After Cornelia and Lizzie are attacked in the house, Price's Dr. Wells offers his help and protection.

Dr. Wells: But do let me help you. Oh, don't forget that once I'm gone, you'll have to climb those stairs alone.

Cornelia van Gorder: Oh, I'm all right. I'm armed now.

Dr. Wells: Can you shoot one of those things without shutting your eyes?

Cornelia van Gorder: Oh, doctor, there are guns in every book I've ever written. I don't write about things I'm unfamiliar with.

In other words, Cornelia van Gorder writes what she knows. She doesn't just "make shit up." If she doesn't know it, she learns it. She clearly indicates that she has gotten to know how guns work... intimately. 

And that's the trick, isn't it? Writing what you know doesn't mean avoiding subjects you don't yet know. It means learning them. Experience them. Research them. Move them from your "don't know it" to your "know it" box. 

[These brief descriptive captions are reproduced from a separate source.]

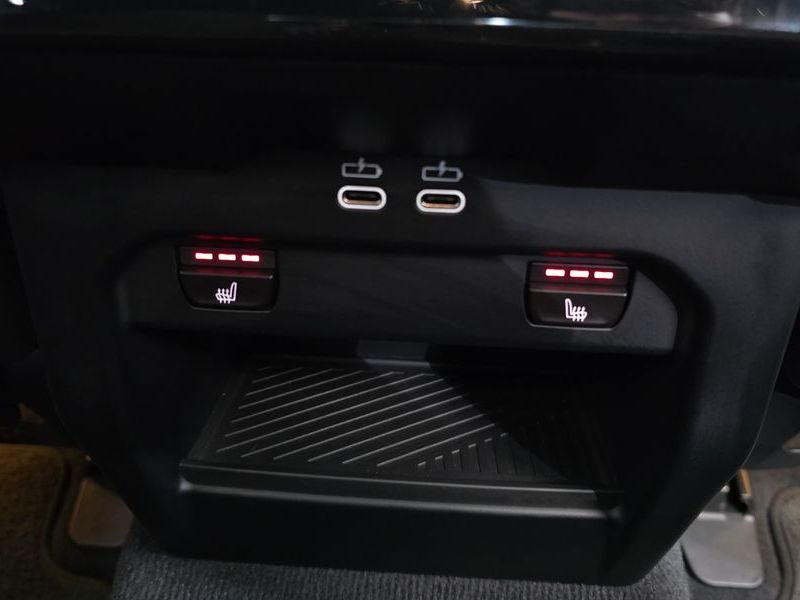 2024 BMW 5 Series 520i M Sport photo 18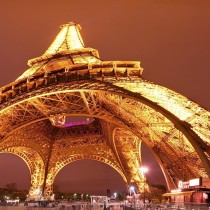 Sous la Tour Eiffel, Paris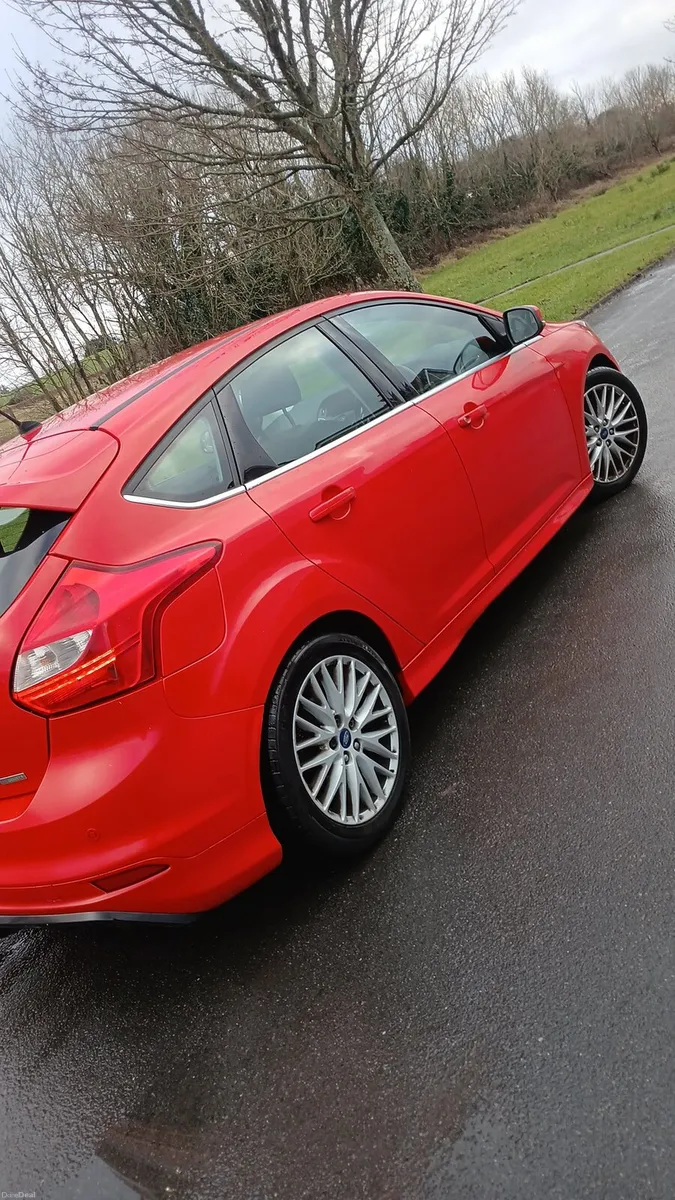 2014 [142 ford focus1.0L zetec S nct until may26 - Image 4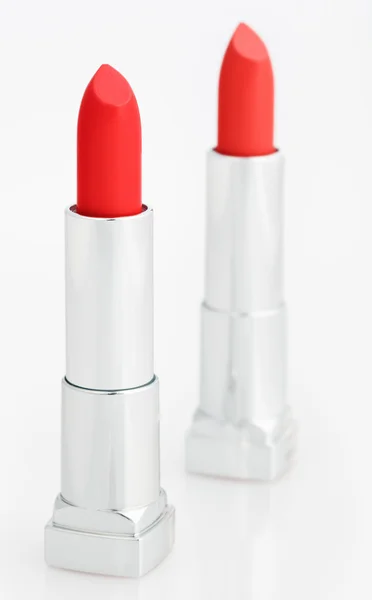 흰색 절연의 빨간 립스틱 2 개 — 스톡 사진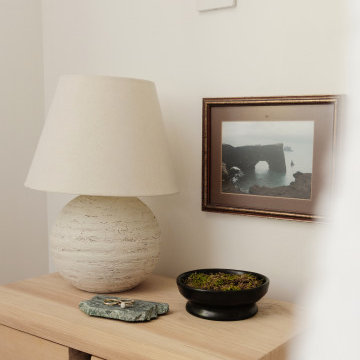 BEDSIDE TABLE STYLING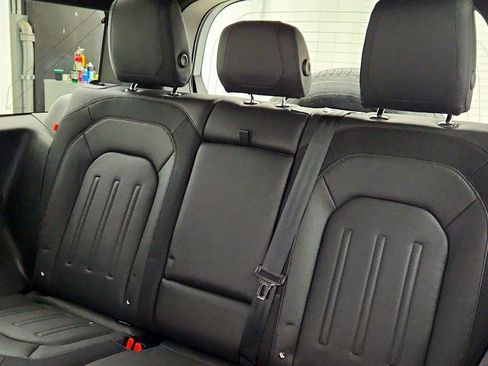 Used 2022 Land Rover Defender 90 X-Dynamic HSE image 22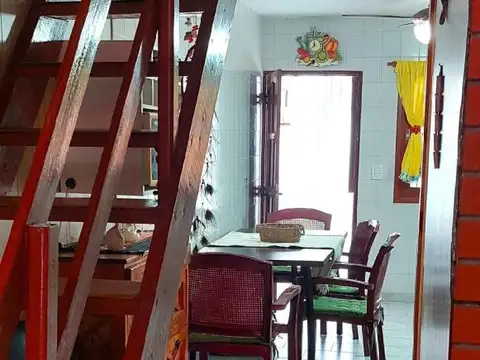 Casa 3 ambientes con 2 baños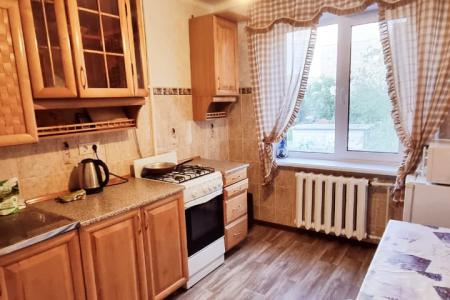 Трехкомнатная в центре на Чкалова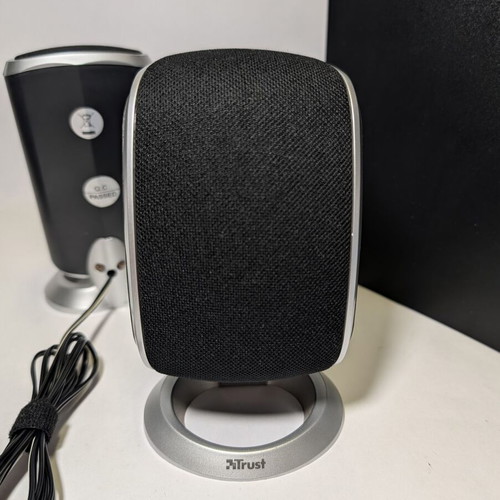 Trust SP-3200 2.1 computer speakers used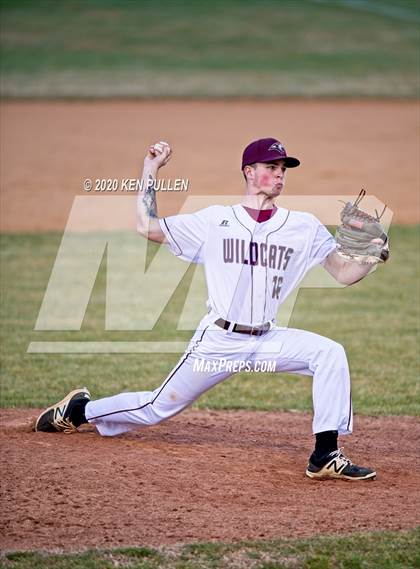 Thumbnail 1 in Warren County vs. Page County photogallery.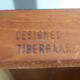 Bureau flottant en teck danois par l’artilleur Nielsen pour Tibergaard, années 1960.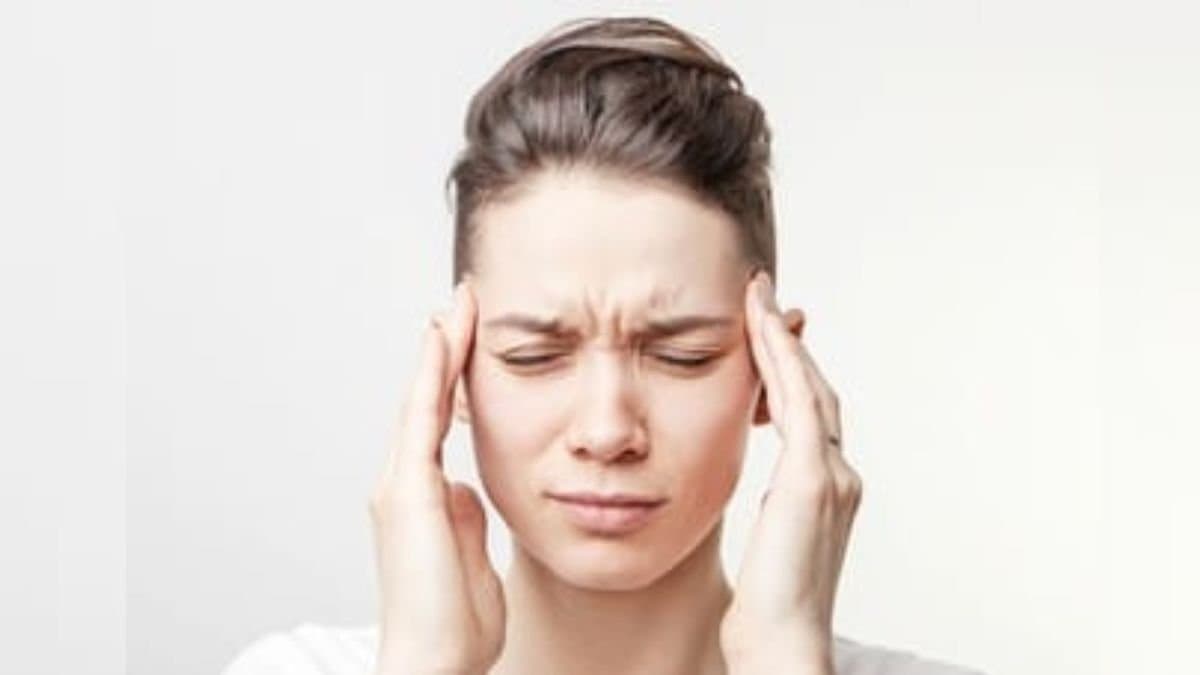 consumption of these natural foods can cure all kind of headache without medicine lif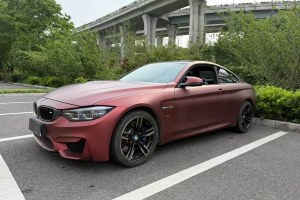 寶馬M4 寶馬 M4雙門轎跑車獵影版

Last, Cornelia gets to experience almost every writer's fantasy in this creepy, campy flick. She gets to, in essence, live inside one of her novels. 

It's something we think about almost without thinking about. At the risk of saying that all of us Mary Sue ourselves into our work, we do have to figure out the working of choices and voice. What would our characters do in this situation or that? Who and how would our characters speak when presented with this deadly risk or life-changing choice? 

Even if we deny it, there is a part of us that enjoys those plotting and character moments that let us, even for so brief a time, be the hero, be the lover, be the killer, be whatever our work needs.